This isnt true in the slightest


ShinAkuma said:


> Sannin put up a fight


This also aint true as teh Sannin get oneshotted the instant Hashi stops playing with his food


ShinAkuma said:


> Oro Hydra can occupy Hashi for a significant amount of time


Wrong 

A single Wood dragon that fucked over BM Naruto and restrained 100% Kurama no diffs any Summon or Kaiju on team sannin.


ShinAkuma said:


> Boss summons are useful





> Wrong
> 
> A single Wood dragon that fucked over BM Naruto and restrained 100% Kurama no diffs any Summon or Kaiju on team sannin.





ShinAkuma said:


> Tsunade can keep the team going even after killshots


Tsunade...uh...Tsunade cant heal anyone from a straight up "killshot"

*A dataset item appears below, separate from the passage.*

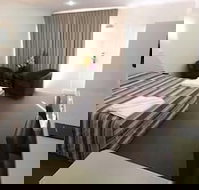 Ceduna Foreshore Hotel Motel - Accommodation Resorts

Talk to her dead brother and fiance if you dont buy that


ShinAkuma said:


> Jiraiya also starts in Sage Mode


And is still complete and utter dirt to a Mokujin pinky toe


ShinAkuma said:


> Hashirama loses to frog song.


That thing that takes forever to actually use?

That thing that Hashirama will no is a Genjutsu teh SECOND he starts to prep it?

Yeah no


----------



## Jackalinthebox (Jan 3, 2019)

Yamata no Jutsu was getting manhandled by Itachi’s V4 Susano’o yet it’s somehow going to be relevant vs far superior constructs


----------



## Vrizu (Jan 3, 2019)

Mandara no Jin, Boss summons and Yamata distract Hashirama for a couple seconds while Byakugo amped Yominuma sinks Hashi alongside his mokuton constructs straight to the earth's core. 

Sannin mid diff


----------



## Grinningfox (Jan 3, 2019)

Vrizu said:


> Mandara no Jin, Boss summons and Yamata distract Hashirama for a couple seconds while Byakugo amped Yominuma sinks Hashi alongside his mokuton constructs straight to the earth's core.
> 
> Sannin mid diff



.....

You can’t be serious


----------



## Vrizu (Jan 3, 2019)

Grinningfox said:


> .....
> 
> You can’t be serious



Ofc I'm not duh...

Base Jman alone would solo low diff, no need for Tsunade and Oro.


----------



## Grinningfox (Jan 3, 2019)

Vrizu said:


> Ofc I'm not duh...
> 
> Base Jman alone would solo low diff, no need for Tsunade and Oro.



Oh my mistake


----------



## MaruUchiha (Jan 4, 2019)

Vrizu said:


> Ofc I'm not duh...
> 
> Base Jman alone would solo low diff, no need for Tsunade and Oro.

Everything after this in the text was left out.